Die außergewöhnliche Zeitreise, zu der die Gastgeber Thomas Hudovernik und Brigitte Steixner auch im Inneren einladen, beginnt schon im Erdgeschoss. Auf dem Weg zum Fahrstuhl geht’s entlang eines von zwei Spiegelschleusen durchbrochenen Korridors. Der Gast begegnet sich selbst, entrückt dem Zeitempfinden durch Raumgrenzen, die an den Seiten und der Decke aufgelöst werden und Architektur gezielt immateriell wirken lassen. Von hier aus bringt der Fahrstuhl Gäste direkt in das neue sechste Obergeschoss, das mit professioneller Raffinesse und klarerweise unter Einhaltung des Denkmalschutzes entstanden ist. Dieses neue Dachgeschoss folgt einer bis ins Detail durchdachten Choreografie: Es reagiert einerseits auf Nachbarschaft und Stadtbild, in dem es die ursprüngliche Neigung zur Straße hin beibehält, steigt jedoch nach hinten auf Raumhöhe an und öffnet sich mit sechs Glaskuben, die einen wunderbaren Blick über die Dächer freigeben. Ein einzigartiges Panorama aus Stadtturm, Sprungschanze und Nordkette offenbart sich.

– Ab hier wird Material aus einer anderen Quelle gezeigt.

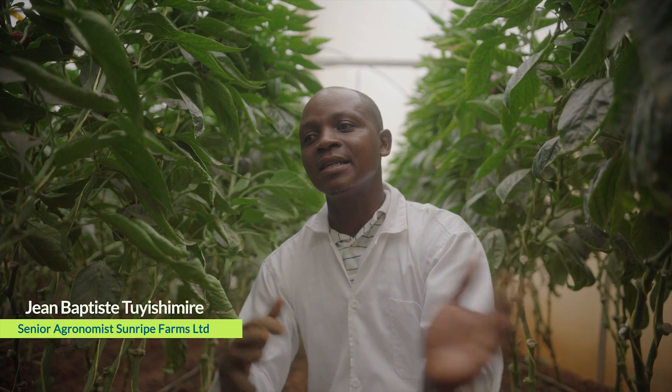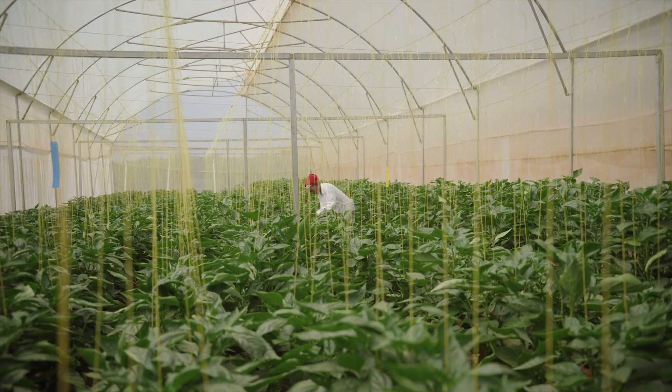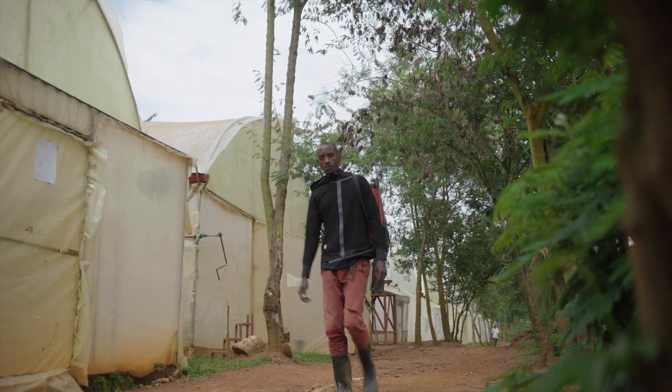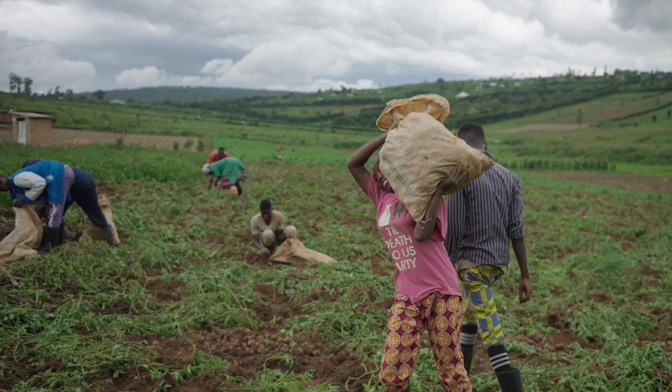Growing in open fields versus in the greenhouse is a total difference. The reason we decide some crops to be grown in greenhouses and others outside is because of the climate. In open fields, the main issue is disease and pests, whereas the greenhouse controls pests and disease. Also, in open fields, you require more workers.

Funktional treffen dort zwischen Erkern und Nischen aus Glas Empfang, Frühstücksbuffet, Bar und Abendlokal aufeinander. Sofort sticht das dominierende Einrichtungsstück des lang gezogenen Raumes ins Auge – eine maßgefertigte Tafel aus Messing mit barocken Verzierungen und abenteuerlichen 13 Metern Länge. Geräucherter Eichen-
boden schenkt ihr zusätzliche Betonung, das warme Dunkelblau des Raumes steht in Verbindung zum royalen Messing des Tisches.
Diesem Farbton und der Bauherrin selbst ist auch der Name des Kulttreffs für Ein- wie Ausheimische zu verdanken: Blaue Brigitte. Verschiedene Sitzbereiche mit außergewöhnlichen Sesseln und Leuchten im Gatsby-Stil bieten einen variantenreichen Mix, bei dem charmante Akzente in Hellrosa und Ockergelb an das opulente Messing-Thema anknüpfen. Die Leitlinie des Projekts – Barock-Schick-Schock – zeigt sich im Dachgeschoss von seiner kuriosesten Seite. Minimalismus und weiße Flecken sind nicht zu finden. Bis hin zu technischen Details wurde alles farblich abgestimmt. Lebendigkeit spiegelt sich in allen Elementen wider und erinnert an die dynamische Baugeschichte, in welcher sich gerade ein neues Kapitel auftut.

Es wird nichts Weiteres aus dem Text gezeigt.